The Birth of the National Park System

By Published On: September 29th, 2021

George Catlin hated the law. He was seventeen years old when his father sent him to study at the Litchfield Law School. The elder Catlin was born in Litchfield County but after he completed his legal studies under Judge Tapping Reeve, he moved to the fledgling community of Wilkes-Barre, PA. There, young George Catlin met trappers, hunters, and families moving west. As a law student, he likely daydreamed about the frontier as Reeve and his partner James Gould lectured about torts and contracts. Catlin passed the bar and practiced law in Pennsylvania for two years. That was enough to confirm his thoughts about his profession, and Catlin quit his practice to study art.

Introduced to a group of Native Americans in Philadelphia, Catlin determined to capture a record of Native American life on canvas. He spent six years traveling among the various tribes of the Great Plains, ultimately completing more than 500 paintings. He hoped to sell these paintings to the government, believing that a governmental display would preserve for posterity a way of life Catlin could see was coming to an end. While he failed in this venture, he succeeded in selling the government on another vision, one that would, in time, come to be called “the best idea America ever had.”
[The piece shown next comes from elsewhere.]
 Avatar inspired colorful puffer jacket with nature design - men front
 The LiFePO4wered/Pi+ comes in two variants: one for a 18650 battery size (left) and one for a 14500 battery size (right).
… a nation’s park, containing man and beast

Traveling through the Dakota Territory in 1832, Catlin was concerned about the impact that westward expansion was having, not just on Native Americans but on the flora, fauna, and landscape of the West. Like many of that era, Catlin believed it was the wilderness that made America unique and which prevented the young nation from succumbing to the corruption that had become the hallmark of European nations. Yet that which made Americans exceptional was, in Catlin’s opinion, being threatened by his fellow countrymen. In his narrative of his travels among the Native American tribes, Catlin made a plea for the preservation not just of their lifeways, but of America’s natural beauty, dreaming that there might be “by some great protecting policy of the government preserved…in a magnificent park… a nation’s park, containing man and beast, in all wildness and freshness of their nature’s beauty!”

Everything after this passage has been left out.